EXERCISE AIM: Retype the listing below line for line, but only from the line with "Pożar w hali" down to the line with "Mr B, 44, Narippatta", inclusive. Pictures stay out.

DATA SHOWN:
____
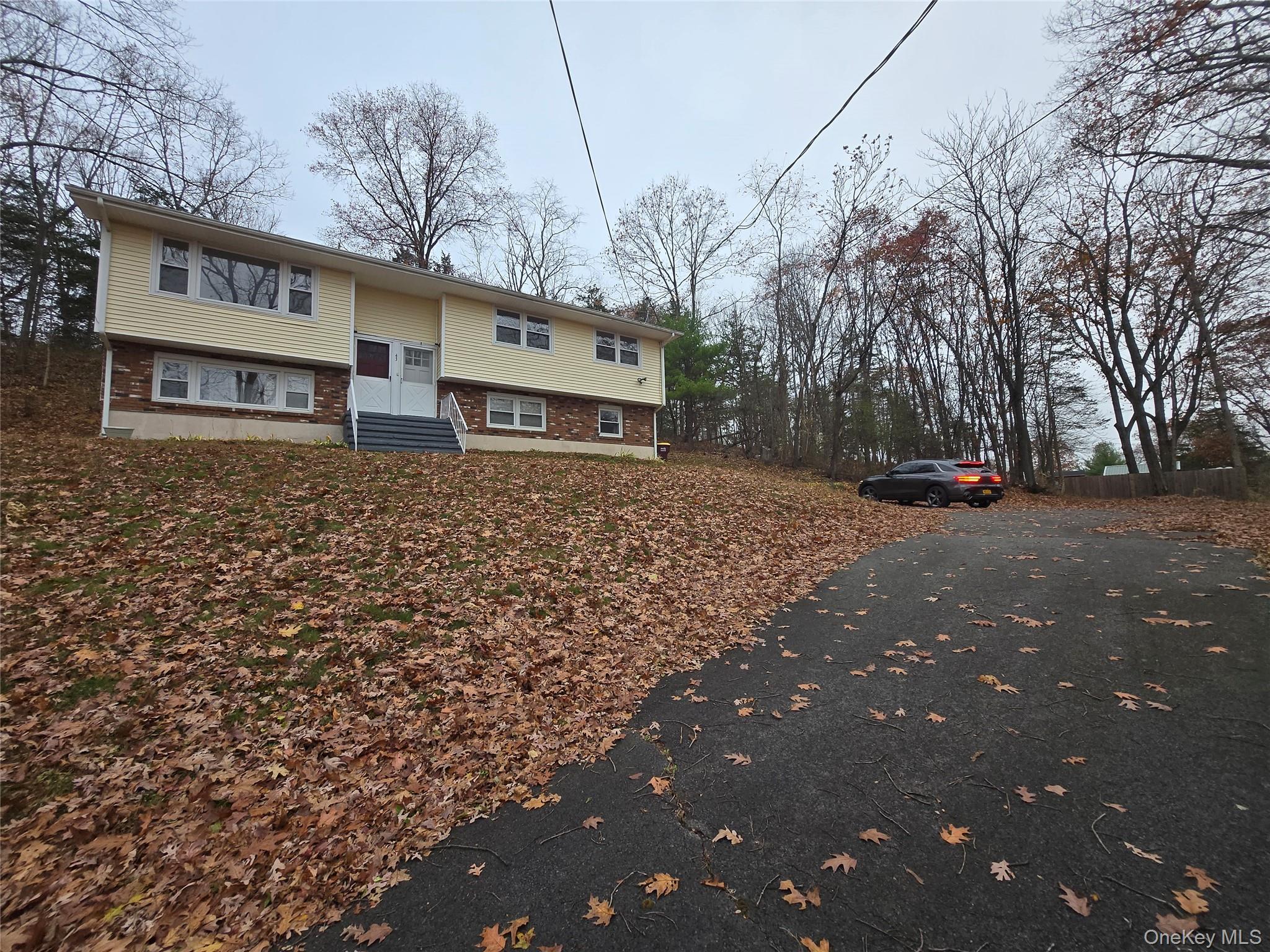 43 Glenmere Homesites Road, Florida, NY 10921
____
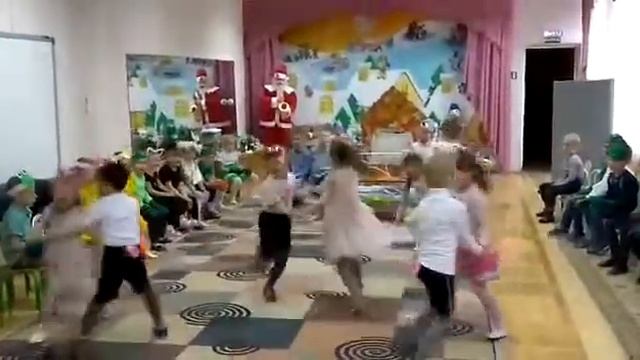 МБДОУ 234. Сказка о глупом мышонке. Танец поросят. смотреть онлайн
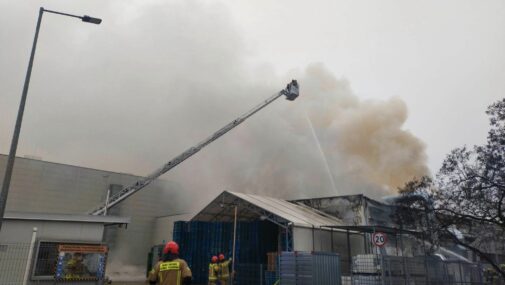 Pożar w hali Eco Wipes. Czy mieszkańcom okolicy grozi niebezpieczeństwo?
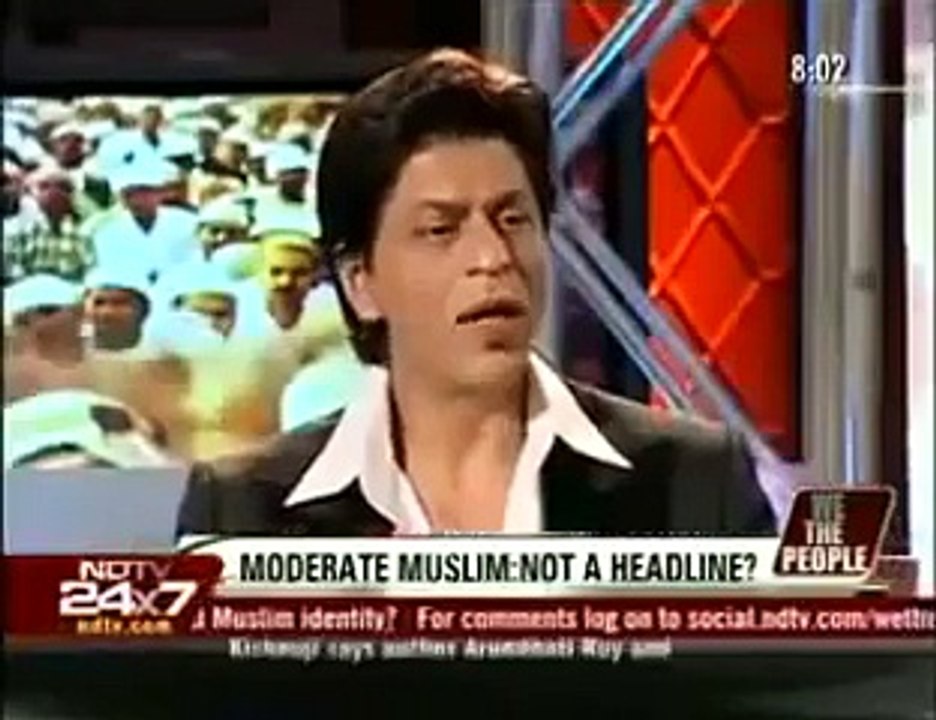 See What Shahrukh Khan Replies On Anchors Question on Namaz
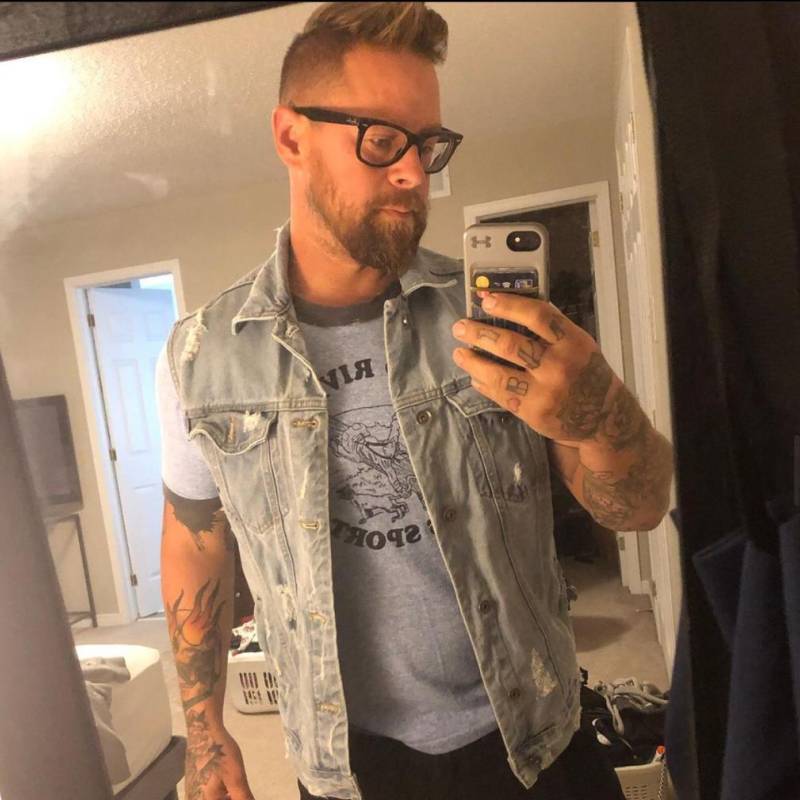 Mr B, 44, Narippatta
____
SOLUTION:
 Pożar w hali Eco Wipes. Czy mieszkańcom okolicy grozi niebezpieczeństwo?
 See What Shahrukh Khan Replies On Anchors Question on Namaz
 Mr B, 44, Narippatta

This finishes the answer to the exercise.